I have been trying to get the Munchkin to use titles for people recently, instead of just using their first names. For example, she calls all of her aunts and uncles by their first names, except for the Captain. She has nearly always called him “Uncle”. And I’ve had people at church make comments about how she calls Auntie by her first name, instead of saying Aunt Auntie (you get the idea). My stock reply is, “She’s two and we’re working on it.” Auntie would rather the Munchkin just call her by her first name, but I think that once she’s old enough, it will be entirely appropriate for the Munchkin to use a title.

So, when the Munchkin called Belle’s Mommy by her first name, I gently corrected her. “No, that’s Auntie Belle’s Mommy, honey.”

Belle’s Mommy jumped in. “No, Aunt Belle’s Mommy. I don’t want to be called ‘Auntie’.”

I was confused, to say the least. “Why not?”

She stared at me. “You really have no idea, do you? The Captain never said anything?”

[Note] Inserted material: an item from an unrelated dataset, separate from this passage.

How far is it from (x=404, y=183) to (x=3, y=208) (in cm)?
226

It turns out that the word “Auntie” has an entirely different meaning in the South – a derogatory one. Apparently, the first time that the Captain referred to one of our aunts as “Auntie So-and-so”, Belle’s Mommy’s sister was horrified. “He must not like her,” she said to my sister-in-law at the time. It took a little explaining on his part – and theirs – to discover that a word that we use in everyday conversation here in the Great Northwest was akin to a racial slur in the South. In fact, there’s only one aunt of mine that has even been just called “Aunt” (and she’s a great-aunt of mine, actually) – we have always called them “Auntie” without a second thought.

So, I am trying as best I can to keep referring to my sister-in-law as Aunt Belle’s Mommy, and I’m chalking this up to yet another difference between the South and the Northwest. Has anyone else run into anything like this? I’d be interested to know if there’s anything else I should be aware of when I’m in different parts of the country.

PS – I know that it’s all “Coke” in the South. That really confused the Captain until he figured it out. And my sister-in-law knows (now) that she can’t order “sweet tea” up here.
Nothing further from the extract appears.